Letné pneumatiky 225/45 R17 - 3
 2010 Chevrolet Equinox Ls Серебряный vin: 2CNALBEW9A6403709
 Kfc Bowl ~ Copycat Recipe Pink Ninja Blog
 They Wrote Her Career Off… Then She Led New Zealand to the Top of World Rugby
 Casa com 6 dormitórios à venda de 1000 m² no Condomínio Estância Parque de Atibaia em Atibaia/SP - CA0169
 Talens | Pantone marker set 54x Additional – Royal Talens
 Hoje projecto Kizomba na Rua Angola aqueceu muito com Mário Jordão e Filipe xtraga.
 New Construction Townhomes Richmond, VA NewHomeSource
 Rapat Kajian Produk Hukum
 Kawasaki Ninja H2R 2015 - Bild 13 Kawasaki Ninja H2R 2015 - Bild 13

**WHAT YOU HAVE TO DO**
The entire listing is to be printed once more, word for word.

**WRITTEN ANSWER**
Letné pneumatiky 225/45 R17 - 3
 2010 Chevrolet Equinox Ls Серебряный vin: 2CNALBEW9A6403709
 Kfc Bowl ~ Copycat Recipe Pink Ninja Blog
 They Wrote Her Career Off… Then She Led New Zealand to the Top of World Rugby
 Casa com 6 dormitórios à venda de 1000 m² no Condomínio Estância Parque de Atibaia em Atibaia/SP - CA0169
 Talens | Pantone marker set 54x Additional – Royal Talens
 Hoje projecto Kizomba na Rua Angola aqueceu muito com Mário Jordão e Filipe xtraga.
 New Construction Townhomes Richmond, VA NewHomeSource
 Rapat Kajian Produk Hukum
 Kawasaki Ninja H2R 2015 - Bild 13 Kawasaki Ninja H2R 2015 - Bild 13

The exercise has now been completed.